Q120 - How_does_RAIDT_relate_to_Information_Systems_governance
Q120 — How does RAIDT relate to Information Systems governance?
← RAIDT · Star S7 - Academic Theory and Design Logic · primary item: S7.10 · IS governance theory
Appears in sources
integrated_82#Q2.9
Answer
RAIDT relates to Information Systems governance as a complementary and operational extension rather than a replacement. The papers argue that IS governance already provides the right conceptual foundations: governance depends on artefacts, routines, roles, and decision rights organised so that digital action becomes reviewable and coordinated. RAIDT enters at the point where those established governance expectations become difficult to enact for generative AI, namely the configured use event. High-level policies, model cards, audit programmes, and procurement controls remain necessary, but they do not by themselves preserve one disputed run in a form that can be reconstructed across functions. RAIDT addresses that missing layer by defining the run as the unit of governance and by making a run-level evidence pack the proof object through which governance can be inspected in practice.

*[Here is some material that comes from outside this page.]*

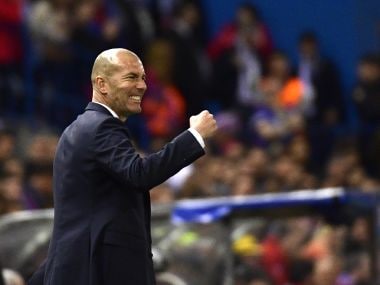 Real Madrid's coach Zinedine Zidane gestures on the sideline during the Champions League semi final. AFP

The relationship is therefore translational. RAIDT connects organisation-level governance intentions to use-level evidence, so that review, challenge, sampling, escalation, and learning can occur on the basis of preserved records rather than recollection. Its score profile gives a shared language for judging the five pillars (Responsibility, Auditability, Interpretability, Dependability, Traceability), and the anchors 1=missing / 3=partial / 5=audit-ready support comparable assessment across runs, teams, and suppliers. Crucially, the academic-logic paper shows that influence methods as governance interventions must also be governed, because retrieval, prompting, adaptation, and alignment change both outputs and evidentiary obligations. RAIDT therefore relates to IS governance by making configured GenAI use governable in the same socio-technical sense that IS governance has long required: not only controlled in principle, but reviewable through concrete information objects.
Practical example
Consider cybersecurity alert triage. An organisation may already have an approved AI service, an incident policy, and managerial accountability for the workflow. RAIDT adds the missing IS-governance layer at the level of one alert triage run. The run-level evidence pack records the structured prompt, retrieval snapshot from the approved threat-intelligence source, model and tool versions, confidence markers, repeat-run stability checks, and any escalation to human supervision.
This lets the security lead, audit team, and compliance staff work from the same governance object. If the output is challenged after an incident, they can test Dependability and Auditability from evidence rather than from narrative assurance. The workflow is still governed by broader policy, but RAIDT makes that policy inspectable in one concrete case and shows whether the configuration was actually governance-ready.